• EXERCISE INSTRUCTIONS: For this exercise, transcribe every line of the material exactly and skip the pictures.

• THE DATA:
[Start of Attachment]

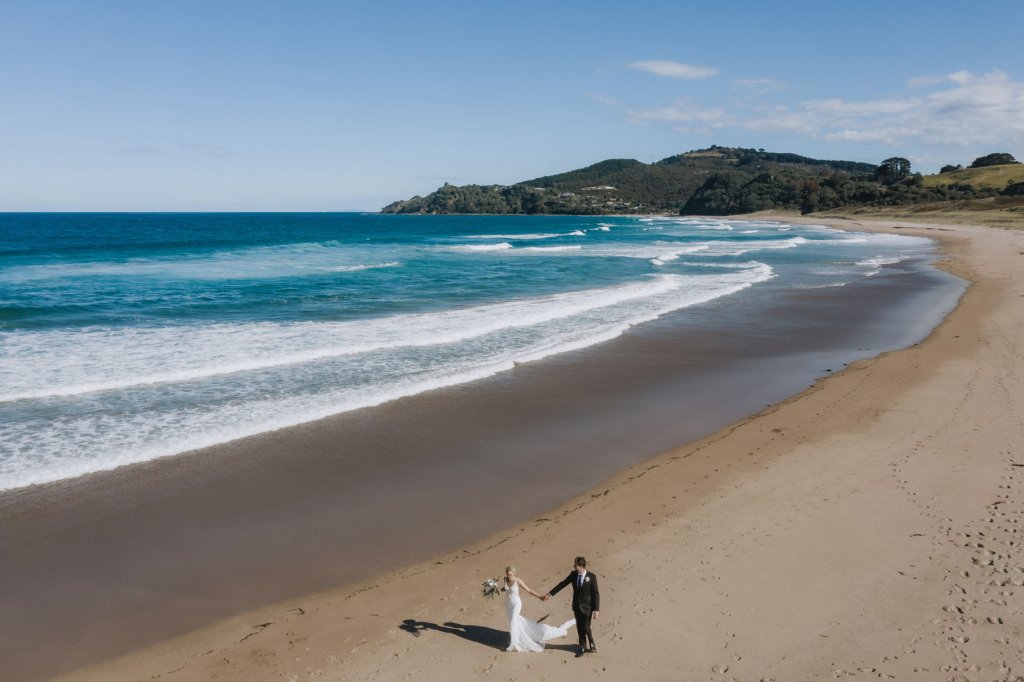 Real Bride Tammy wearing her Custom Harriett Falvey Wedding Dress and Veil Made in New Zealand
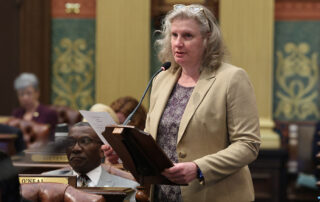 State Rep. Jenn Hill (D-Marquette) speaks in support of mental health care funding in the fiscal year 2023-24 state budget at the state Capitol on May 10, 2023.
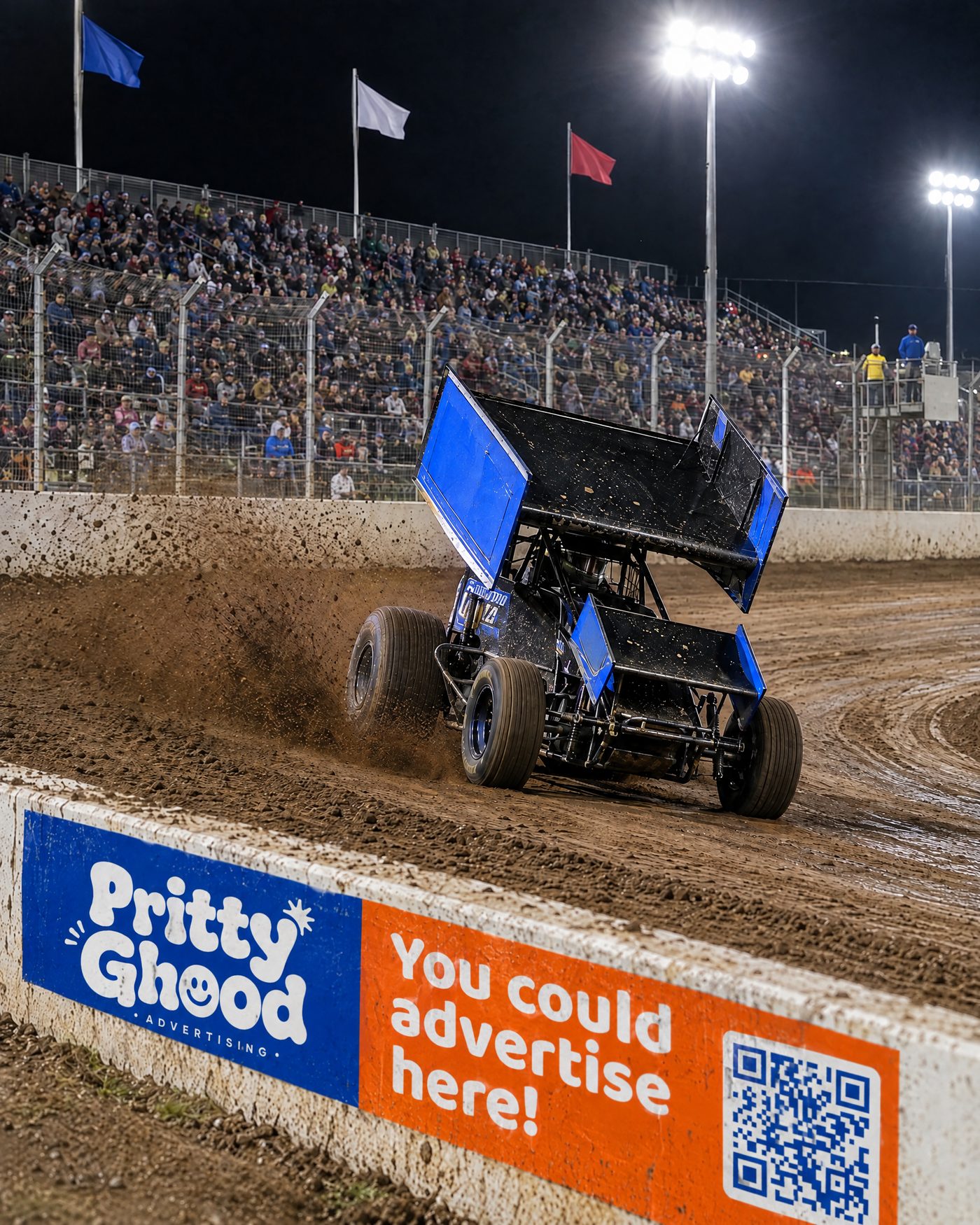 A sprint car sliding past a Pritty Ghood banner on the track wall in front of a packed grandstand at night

[End of Attachment]

• ANSWER FOR THE TASK:
 Real Bride Tammy wearing her Custom Harriett Falvey Wedding Dress and Veil Made in New Zealand
 State Rep. Jenn Hill (D-Marquette) speaks in support of mental health care funding in the fiscal year 2023-24 state budget at the state Capitol on May 10, 2023.
 A sprint car sliding past a Pritty Ghood banner on the track wall in front of a packed grandstand at night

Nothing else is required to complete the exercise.